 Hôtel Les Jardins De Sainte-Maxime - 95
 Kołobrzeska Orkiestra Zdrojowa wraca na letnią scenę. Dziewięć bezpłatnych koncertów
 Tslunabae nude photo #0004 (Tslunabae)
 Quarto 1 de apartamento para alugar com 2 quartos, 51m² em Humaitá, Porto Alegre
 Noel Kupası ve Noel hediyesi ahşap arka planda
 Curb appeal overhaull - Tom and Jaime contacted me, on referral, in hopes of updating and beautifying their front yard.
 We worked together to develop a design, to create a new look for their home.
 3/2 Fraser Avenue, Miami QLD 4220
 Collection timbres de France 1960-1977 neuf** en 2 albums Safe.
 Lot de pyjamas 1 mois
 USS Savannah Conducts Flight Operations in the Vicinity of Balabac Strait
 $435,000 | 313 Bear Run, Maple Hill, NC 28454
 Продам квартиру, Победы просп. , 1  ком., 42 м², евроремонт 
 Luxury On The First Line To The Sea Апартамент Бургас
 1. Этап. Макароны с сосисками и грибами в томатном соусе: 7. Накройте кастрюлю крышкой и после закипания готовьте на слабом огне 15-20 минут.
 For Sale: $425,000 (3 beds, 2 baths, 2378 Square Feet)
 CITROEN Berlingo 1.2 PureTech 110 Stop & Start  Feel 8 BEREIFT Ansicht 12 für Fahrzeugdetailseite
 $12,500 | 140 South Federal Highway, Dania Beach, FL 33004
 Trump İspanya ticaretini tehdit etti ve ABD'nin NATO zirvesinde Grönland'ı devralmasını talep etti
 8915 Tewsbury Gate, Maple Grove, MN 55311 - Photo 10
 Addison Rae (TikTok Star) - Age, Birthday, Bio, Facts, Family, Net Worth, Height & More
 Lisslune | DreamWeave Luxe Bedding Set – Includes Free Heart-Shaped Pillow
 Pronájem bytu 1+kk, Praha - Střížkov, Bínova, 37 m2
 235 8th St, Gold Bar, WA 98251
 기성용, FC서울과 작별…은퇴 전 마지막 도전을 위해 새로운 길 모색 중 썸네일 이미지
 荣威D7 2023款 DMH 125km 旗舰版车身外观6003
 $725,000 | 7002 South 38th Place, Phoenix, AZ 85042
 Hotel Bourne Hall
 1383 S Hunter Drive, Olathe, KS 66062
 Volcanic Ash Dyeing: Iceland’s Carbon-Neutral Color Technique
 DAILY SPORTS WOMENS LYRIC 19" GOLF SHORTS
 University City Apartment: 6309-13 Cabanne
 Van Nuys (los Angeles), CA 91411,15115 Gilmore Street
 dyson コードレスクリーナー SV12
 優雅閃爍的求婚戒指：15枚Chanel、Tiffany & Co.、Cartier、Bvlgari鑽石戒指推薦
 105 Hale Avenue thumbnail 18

# [Work to complete]
Only the lines from the start of the listing through the line with "Hill, NC 28454" should be repeated, each exactly as it stands.

# [Exercise output]
 Hôtel Les Jardins De Sainte-Maxime - 95
 Kołobrzeska Orkiestra Zdrojowa wraca na letnią scenę. Dziewięć bezpłatnych koncertów
 Tslunabae nude photo #0004 (Tslunabae)
 Quarto 1 de apartamento para alugar com 2 quartos, 51m² em Humaitá, Porto Alegre
 Noel Kupası ve Noel hediyesi ahşap arka planda
 Curb appeal overhaull - Tom and Jaime contacted me, on referral, in hopes of updating and beautifying their front yard.
 We worked together to develop a design, to create a new look for their home.
 3/2 Fraser Avenue, Miami QLD 4220
 Collection timbres de France 1960-1977 neuf** en 2 albums Safe.
 Lot de pyjamas 1 mois
 USS Savannah Conducts Flight Operations in the Vicinity of Balabac Strait
 $435,000 | 313 Bear Run, Maple Hill, NC 28454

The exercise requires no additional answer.